By John Brunner, in 1975, ISBN 2-221-01709-4 and many times since.
This book is the ancestor of cyberpunk; it contains all the elements that will then be systematically included in this genre: the near future, a technological society and what differentiates cyberpunk from other similar genres (anticipations and dystopias), hacking and the power of multinationals.
After a difficult start, where you have to get used to the author’s style and the terms used, you let yourself be caught up in the story and want to know how it ends.
It is difficult to come to terms with the terms used by the author, because in 1975, the date of its publication, computing and networking as we know them today were only in their infancy. The author therefore invents terms to describe elements of his universe. What he calls snakes could be translated as worms, what he calls veephones, by smartphone or laptop …
The hero is very intelligent and extremely computer savvy. It’s interesting how he gets out of pretty much any situation with that, not luck or divine intervention.

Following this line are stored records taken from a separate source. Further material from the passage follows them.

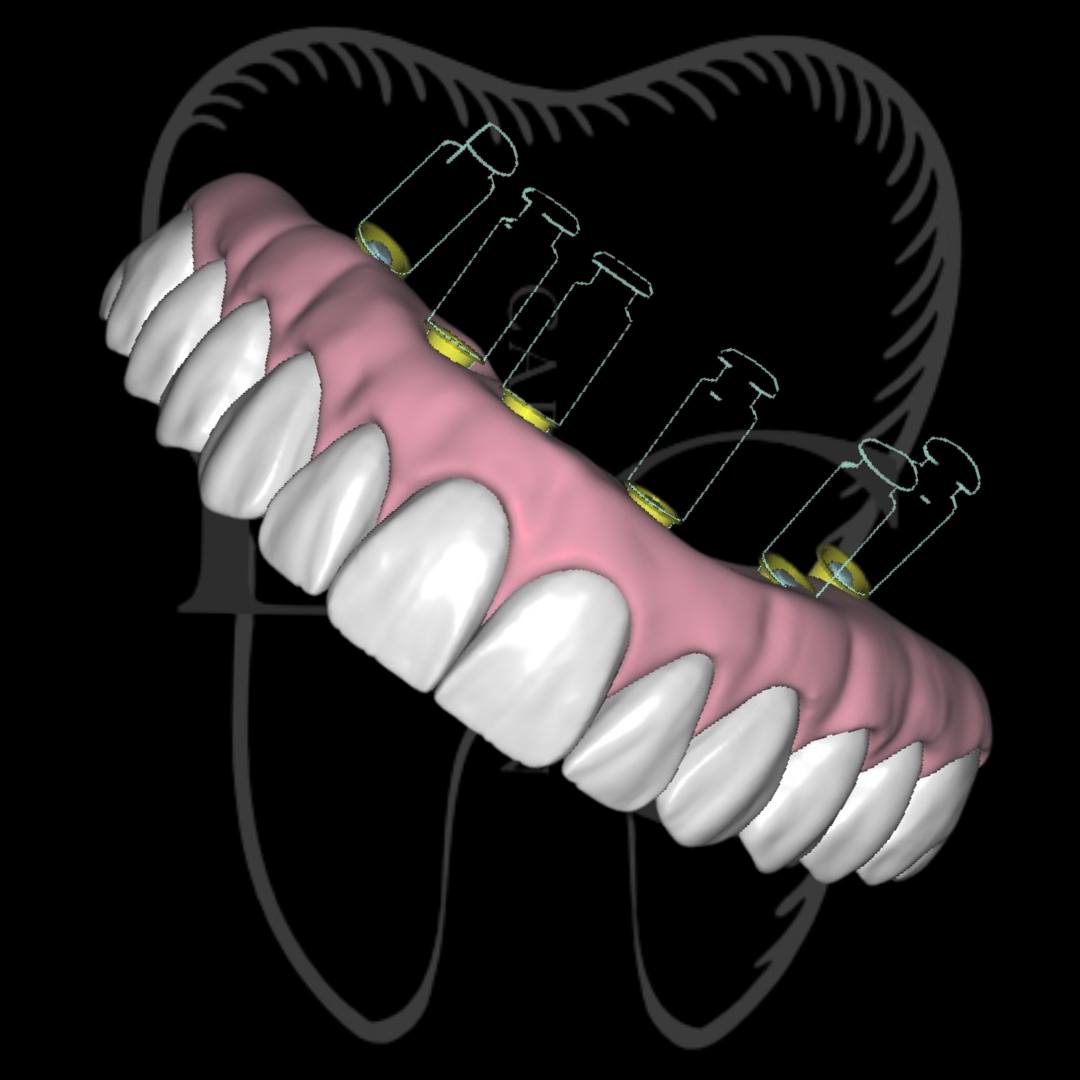 Protocolo total arcada completa no Exocad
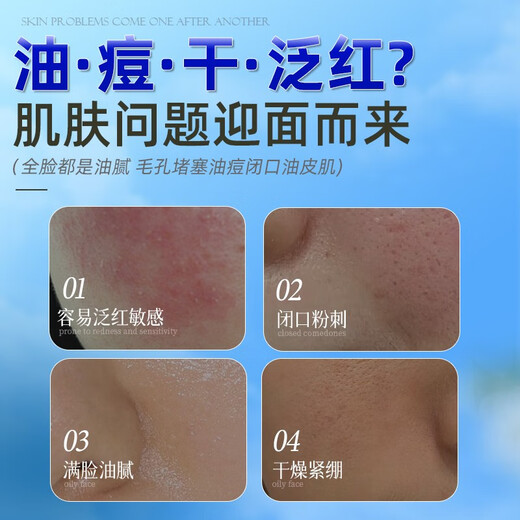 Redact Australian Amino Acid Teenagers Facial Cleanser 12-16 Years Old Oil Control and Acne Removal Adolescent Students Boys and Girls Facial Cleanser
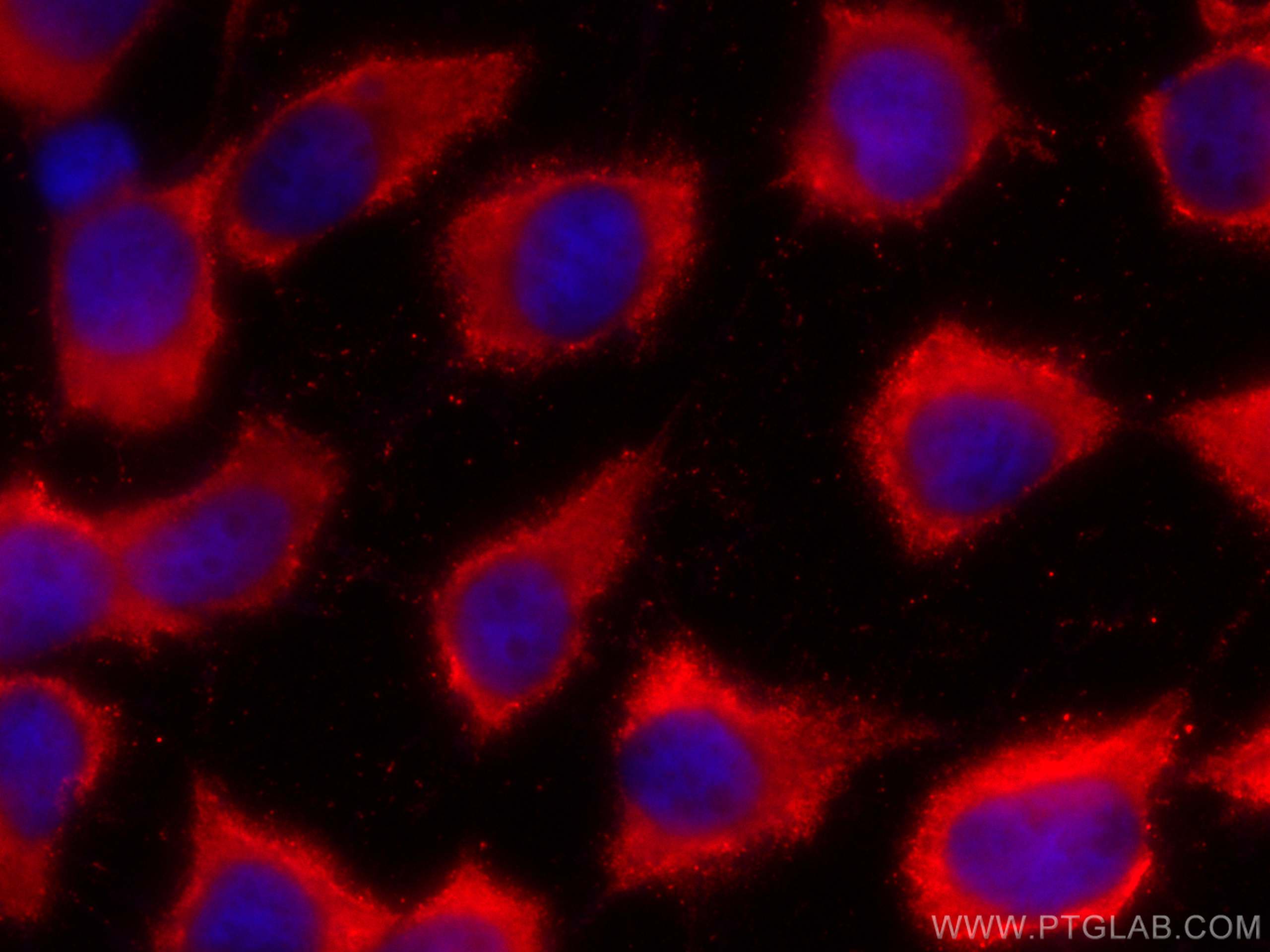 Immunofluorescence (IF) / fluorescent staining of A431 cells using CoraLite®594-conjugated FNTB Monoclonal antibody (CL594-66783)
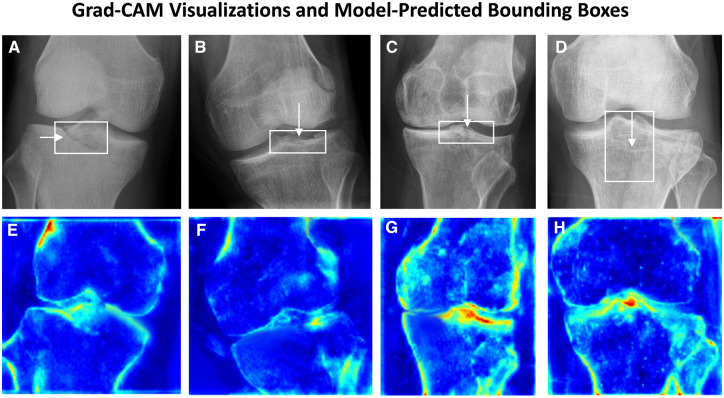 Deep learning diagnosis of adult tibial plateau fractures: multicenter study with external validation.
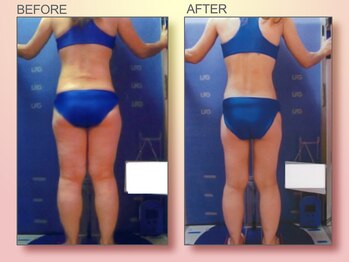 ジュリア オージェ 四条河原町店/ビフォーアフター（脂肪燃焼）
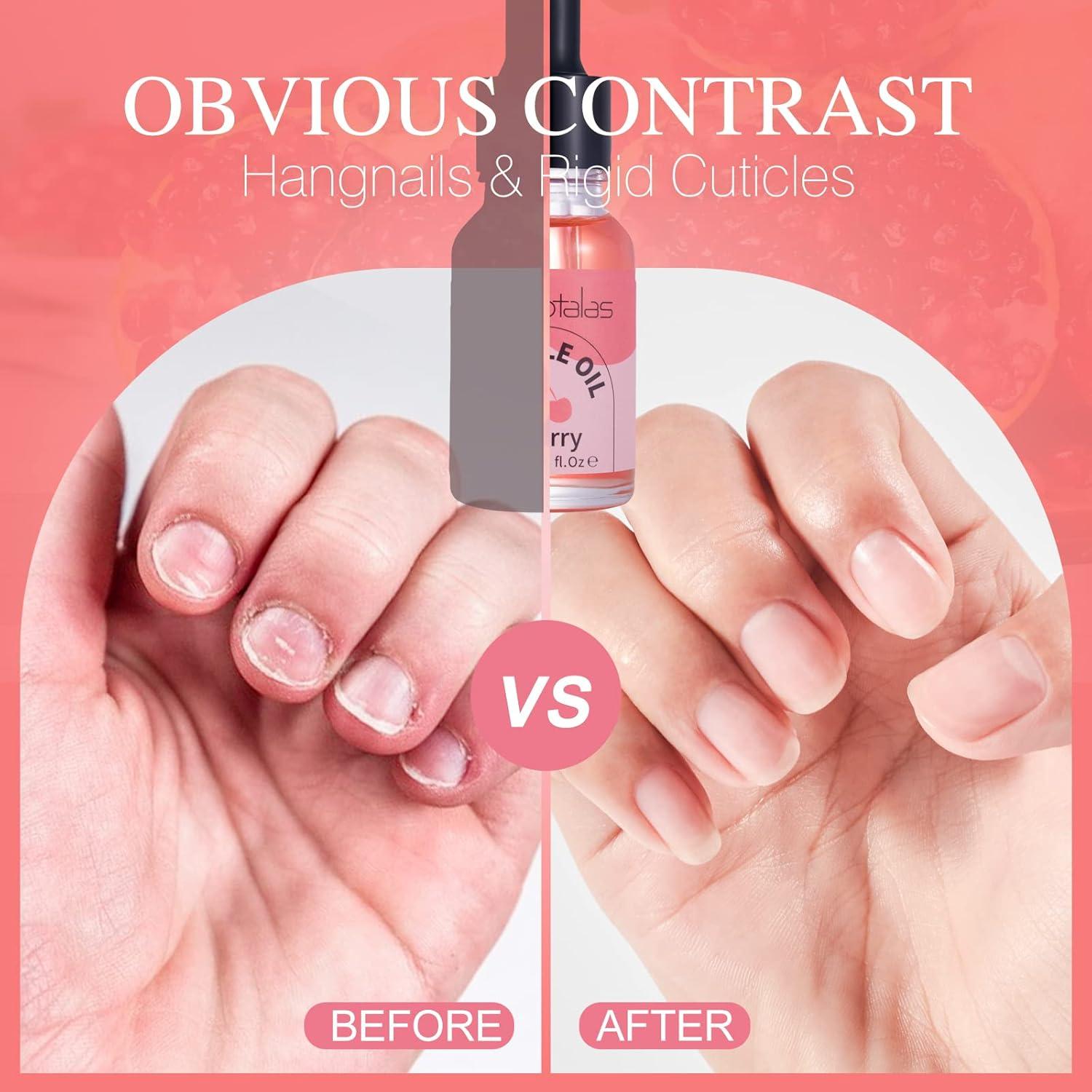 Aceite para Cutículas Foriotalas 15ml Jojoba Cereza Hidratante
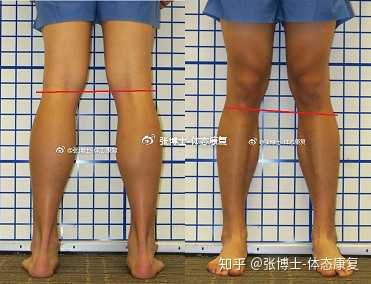 长短腿如何在日常生活中纠正 知乎 长短腿如何在日常生活中纠正 知乎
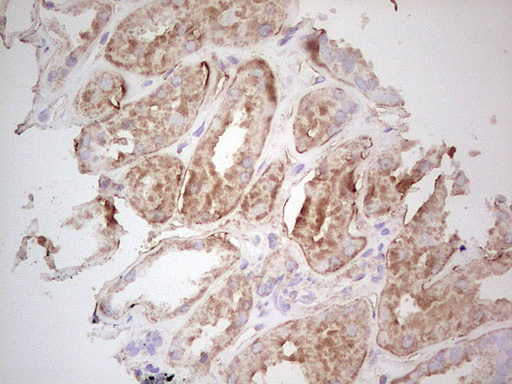 UBE2D2 / UBCH5B Antibody - Immunohistochemical staining of paraffin-embedded Human Kidney tissue within the normal limits using anti-UBE2D2 mouse monoclonal antibody. (Heat-induced epitope retrieval by 1 mM EDTA in 10mM Tris, pH8.5, 120C for 3min,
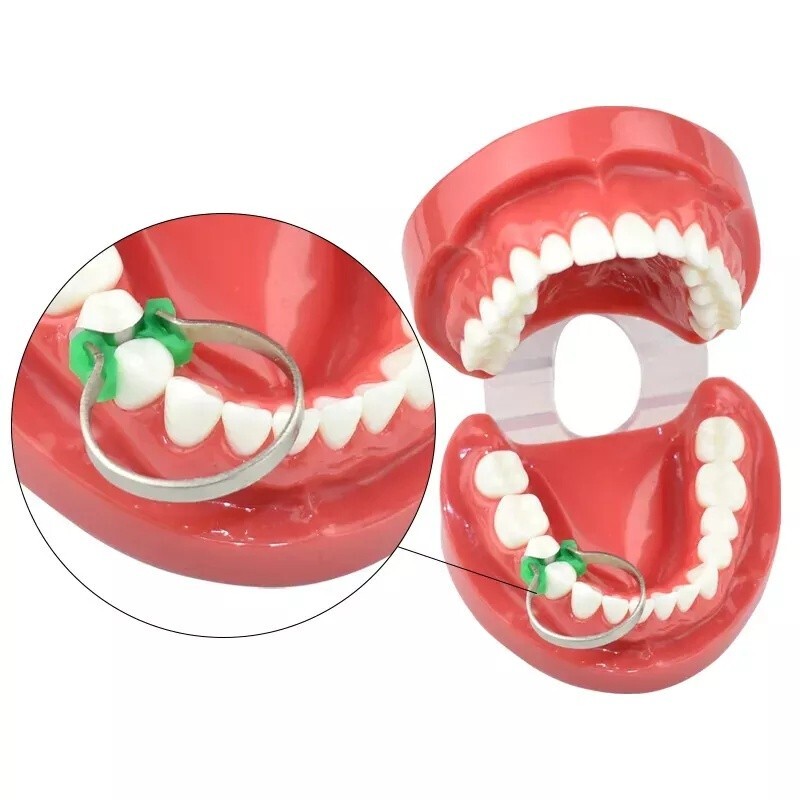 40pcs/bag Dental Silicone Wedge Teeth Filling Add-On Wedges Rubber Delta Ring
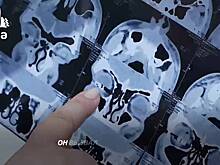 Российский подросток лишился глаза в тире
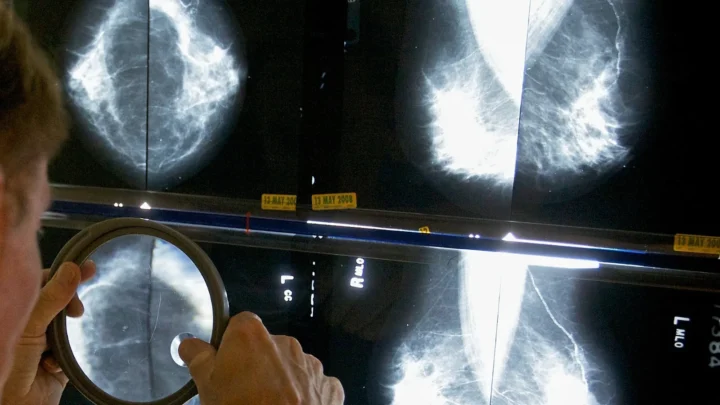 1780656572 387 Espagne 111 cas dun cancer rare lie aux implants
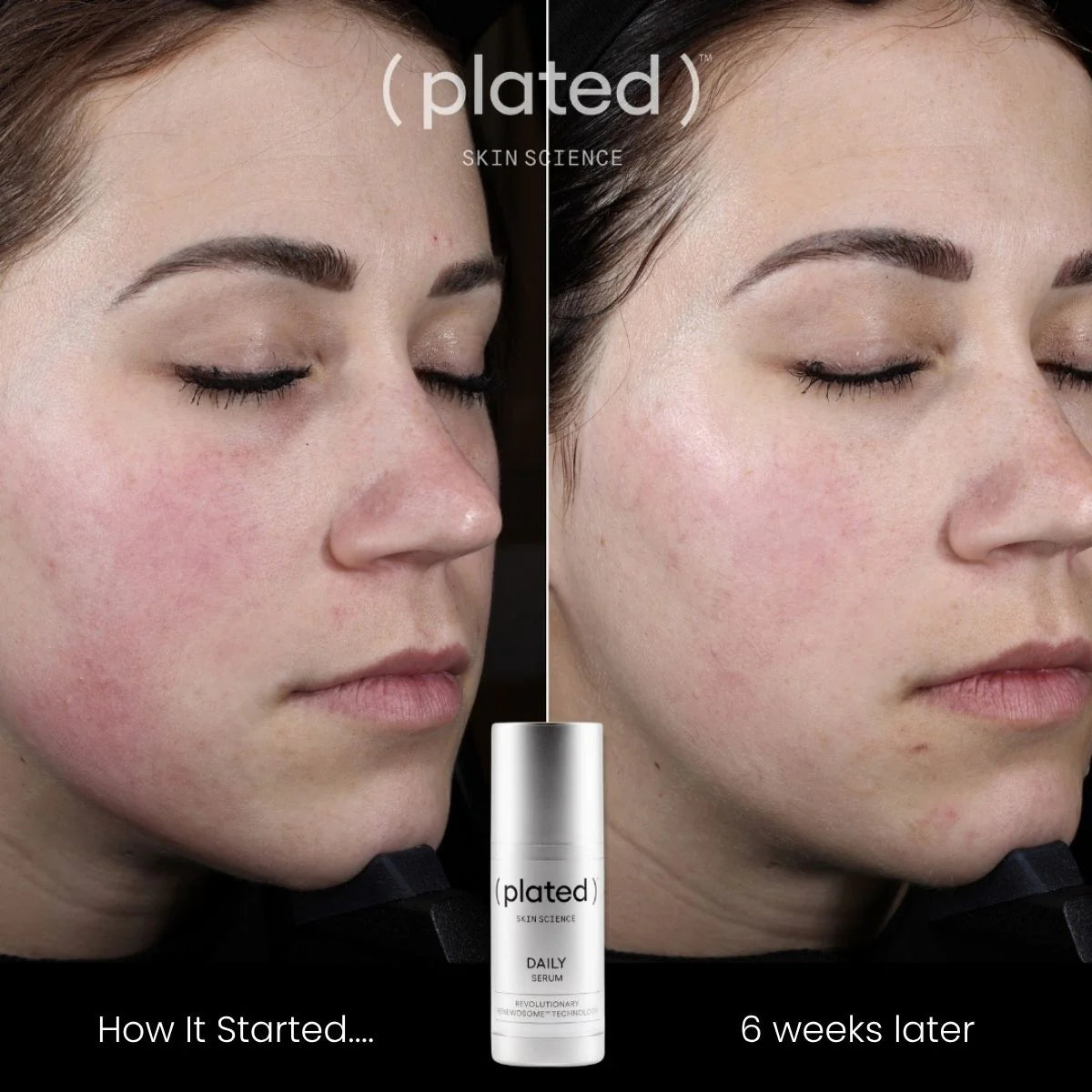 Plated Daily Serum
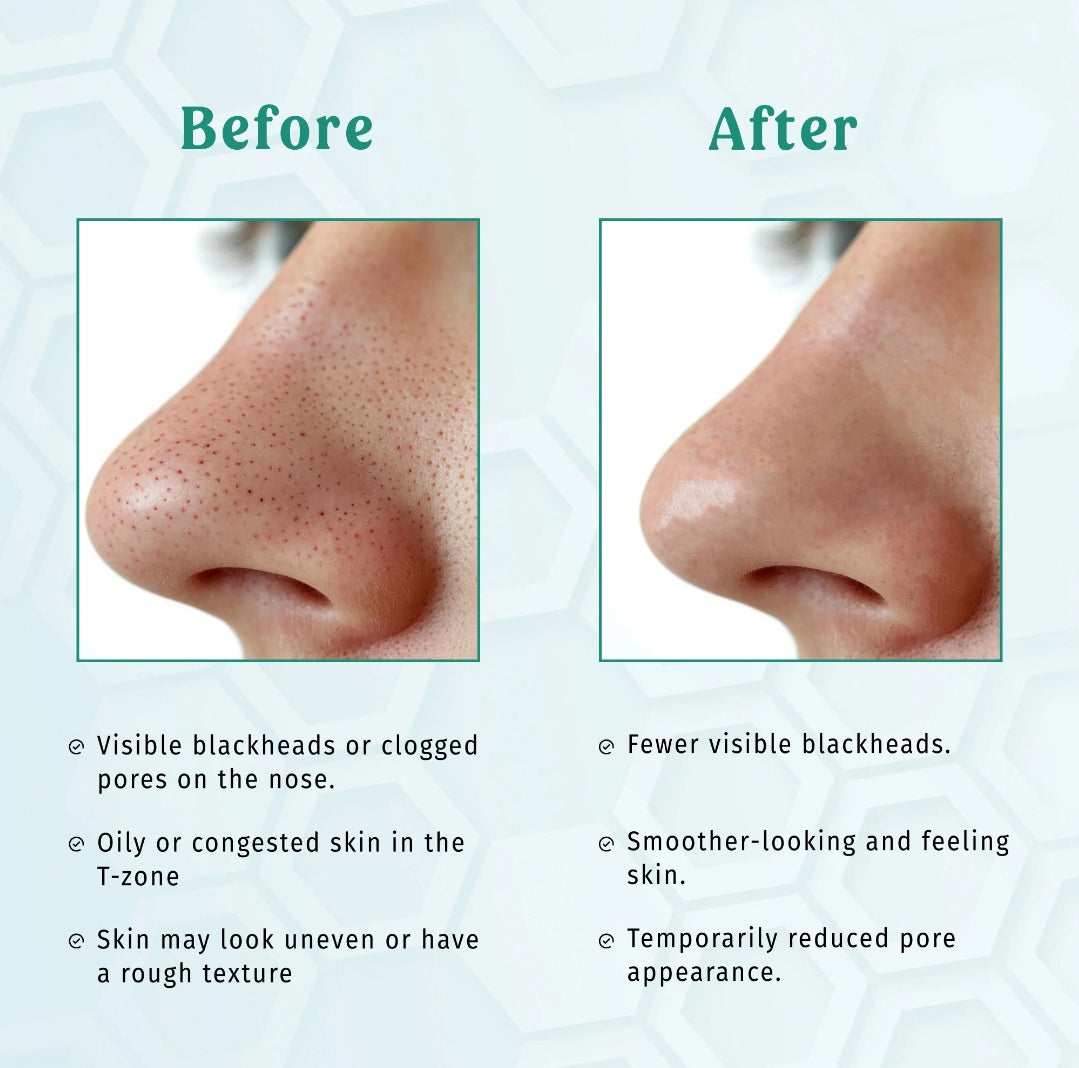Deep Cleansing Charcoal Nose Strips - Nose Blackheads & Pores Remover - Strip Talks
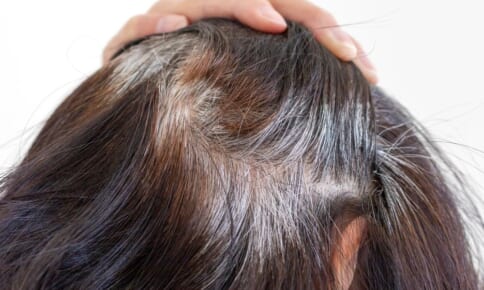 白髪の対策はどうしたらいい？白髪の対処法や注意点を解説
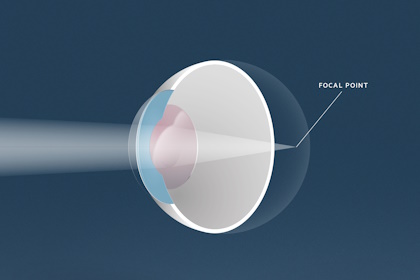 Alterssichtigkeit, Augenärzte Linz, Dirisamer Luft Priglinger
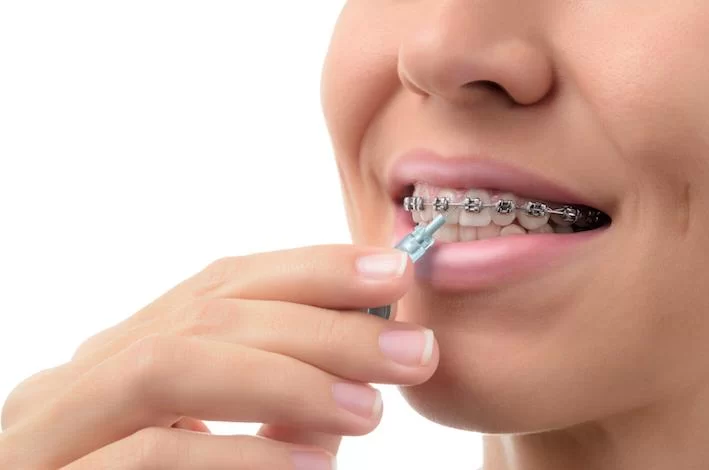 Tooth Decay and Orthodontic Braces: How to Protect Your Teeth During Treatment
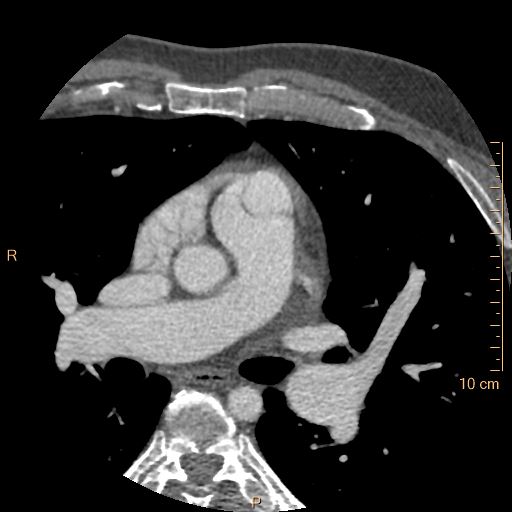 File:Atrial septal defect (upper sinus venosus type) with partial anomalous pulmonary venous return into superior vena cava (Radiopaedia 73228-83961 A 80).jpg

Some topics, such as over-surveillance of people, are very topical. However, this is exercised by the states. And it’s interesting to see the different perspectives of his characters on the subject.
Reading on the shockwave is a bit like using emacs … There is no tutorial or introduction to go with you, you are immediately confronted, or rather overwhelmed, by the information. Fortunately, once taken in hand, it turns out to be pleasant and even easy to read.
From the start, I felt a certain connection with 1984: the omnipresent and omniscient surveillance of the population and, above all, the exposure of the hero during his interrogation at the beginning of the story. But these stories are fundamentally different.
First of all, where, in 1984, the control of the population is more of a dictatorship and of micro-management, it is here more liberal: the individuals remain free to think and act, the control of the state being made on the information available to induce mass behavior (i.e. manipulation of the odds of Delphic bets), utopias and deviances being tolerated as long as they remain in the minority and have no influence on the rest of the population .
Likewise, where 1984 does not envisage an escape from the manipulation of the masses by the elites, the author proposes here a populist exit: free access to all confidential (and scandalous) information will give him back control of democracy. A WikiLeaks 40 years ahead.
Just like emacs, this book is a reference that you have to have manipulated to get your idea. Some will be convinced, others a little disappointed. Me, I prefer vim.